▼▼▼

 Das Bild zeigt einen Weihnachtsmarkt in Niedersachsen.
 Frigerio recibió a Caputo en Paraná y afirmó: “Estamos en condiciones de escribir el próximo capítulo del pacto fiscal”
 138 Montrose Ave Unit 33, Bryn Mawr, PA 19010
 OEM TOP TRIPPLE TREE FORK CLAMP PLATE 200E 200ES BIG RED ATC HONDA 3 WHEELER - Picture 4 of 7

▲▲▲

| PROBLEM REQUIREMENTS |
Transcribe the full listing exactly, keeping every word as it is.

| PROBLEM SOLUTION |
 Das Bild zeigt einen Weihnachtsmarkt in Niedersachsen.
 Frigerio recibió a Caputo en Paraná y afirmó: “Estamos en condiciones de escribir el próximo capítulo del pacto fiscal”
 138 Montrose Ave Unit 33, Bryn Mawr, PA 19010
 OEM TOP TRIPPLE TREE FORK CLAMP PLATE 200E 200ES BIG RED ATC HONDA 3 WHEELER - Picture 4 of 7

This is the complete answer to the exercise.